Output a verbatim copy of the data, cut off after the line that contains "Golden Goose Super-Star".

◆ **Data supplied**
========================================
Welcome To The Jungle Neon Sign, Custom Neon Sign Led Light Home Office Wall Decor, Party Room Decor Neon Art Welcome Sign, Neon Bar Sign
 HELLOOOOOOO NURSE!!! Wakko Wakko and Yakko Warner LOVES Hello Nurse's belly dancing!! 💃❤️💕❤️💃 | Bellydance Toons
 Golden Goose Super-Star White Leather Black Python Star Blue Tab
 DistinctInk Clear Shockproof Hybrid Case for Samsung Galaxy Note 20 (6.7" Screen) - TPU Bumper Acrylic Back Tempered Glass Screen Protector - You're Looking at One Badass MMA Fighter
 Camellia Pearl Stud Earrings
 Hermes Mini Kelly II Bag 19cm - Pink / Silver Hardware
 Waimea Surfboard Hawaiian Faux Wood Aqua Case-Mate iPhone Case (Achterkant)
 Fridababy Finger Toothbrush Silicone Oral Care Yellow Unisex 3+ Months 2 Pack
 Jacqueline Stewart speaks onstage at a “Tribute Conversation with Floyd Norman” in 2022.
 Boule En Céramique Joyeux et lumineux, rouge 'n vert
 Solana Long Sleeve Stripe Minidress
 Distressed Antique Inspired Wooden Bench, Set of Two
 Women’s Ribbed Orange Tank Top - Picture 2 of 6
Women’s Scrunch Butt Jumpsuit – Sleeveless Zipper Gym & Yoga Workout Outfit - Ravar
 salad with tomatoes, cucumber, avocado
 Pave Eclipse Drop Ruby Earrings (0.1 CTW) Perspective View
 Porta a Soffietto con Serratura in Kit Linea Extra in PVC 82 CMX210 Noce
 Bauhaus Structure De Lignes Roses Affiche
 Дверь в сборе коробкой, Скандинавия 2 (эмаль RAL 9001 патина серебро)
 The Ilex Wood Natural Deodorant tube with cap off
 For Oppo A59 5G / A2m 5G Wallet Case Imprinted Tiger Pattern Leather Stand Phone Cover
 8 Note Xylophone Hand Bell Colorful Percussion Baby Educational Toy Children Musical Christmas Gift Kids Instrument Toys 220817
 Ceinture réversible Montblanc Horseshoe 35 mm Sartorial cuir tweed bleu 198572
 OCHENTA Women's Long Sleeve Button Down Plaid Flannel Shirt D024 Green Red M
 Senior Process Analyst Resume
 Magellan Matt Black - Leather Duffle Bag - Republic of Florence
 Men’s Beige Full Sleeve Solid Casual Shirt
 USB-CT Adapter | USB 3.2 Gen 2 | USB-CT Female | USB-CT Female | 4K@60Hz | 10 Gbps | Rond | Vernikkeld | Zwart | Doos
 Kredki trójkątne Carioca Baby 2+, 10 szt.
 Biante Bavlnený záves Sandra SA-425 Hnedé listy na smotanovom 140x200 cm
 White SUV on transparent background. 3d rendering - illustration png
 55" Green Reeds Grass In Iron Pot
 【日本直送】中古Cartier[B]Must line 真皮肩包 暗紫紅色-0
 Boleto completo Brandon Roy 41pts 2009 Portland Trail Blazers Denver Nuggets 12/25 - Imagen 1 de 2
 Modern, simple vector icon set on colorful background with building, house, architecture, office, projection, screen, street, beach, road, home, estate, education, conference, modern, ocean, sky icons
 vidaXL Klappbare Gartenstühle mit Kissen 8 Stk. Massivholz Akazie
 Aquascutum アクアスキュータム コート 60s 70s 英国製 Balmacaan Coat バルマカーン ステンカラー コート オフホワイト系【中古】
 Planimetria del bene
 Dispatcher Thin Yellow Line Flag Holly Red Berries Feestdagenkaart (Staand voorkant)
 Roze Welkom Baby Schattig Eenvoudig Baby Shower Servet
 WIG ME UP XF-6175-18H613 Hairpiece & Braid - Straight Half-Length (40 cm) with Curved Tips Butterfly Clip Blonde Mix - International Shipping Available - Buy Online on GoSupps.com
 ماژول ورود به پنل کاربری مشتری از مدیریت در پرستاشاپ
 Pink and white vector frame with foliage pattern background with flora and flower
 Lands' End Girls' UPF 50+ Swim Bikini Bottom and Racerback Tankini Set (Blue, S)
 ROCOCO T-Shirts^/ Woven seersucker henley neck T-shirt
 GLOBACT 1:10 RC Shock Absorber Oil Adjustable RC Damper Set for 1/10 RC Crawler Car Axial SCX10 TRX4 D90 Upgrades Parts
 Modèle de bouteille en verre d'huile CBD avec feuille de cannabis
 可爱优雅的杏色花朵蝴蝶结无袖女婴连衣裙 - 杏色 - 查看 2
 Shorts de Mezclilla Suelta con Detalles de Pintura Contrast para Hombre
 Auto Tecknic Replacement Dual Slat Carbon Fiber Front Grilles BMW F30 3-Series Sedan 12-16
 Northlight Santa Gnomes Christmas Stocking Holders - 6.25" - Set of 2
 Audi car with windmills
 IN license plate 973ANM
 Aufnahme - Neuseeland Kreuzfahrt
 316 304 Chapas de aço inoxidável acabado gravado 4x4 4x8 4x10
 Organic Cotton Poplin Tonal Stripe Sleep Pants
========================================
◆ **Your solution**
Welcome To The Jungle Neon Sign, Custom Neon Sign Led Light Home Office Wall Decor, Party Room Decor Neon Art Welcome Sign, Neon Bar Sign
 HELLOOOOOOO NURSE!!! Wakko Wakko and Yakko Warner LOVES Hello Nurse's belly dancing!! 💃❤️💕❤️💃 | Bellydance Toons
 Golden Goose Super-Star White Leather Black Python Star Blue Tab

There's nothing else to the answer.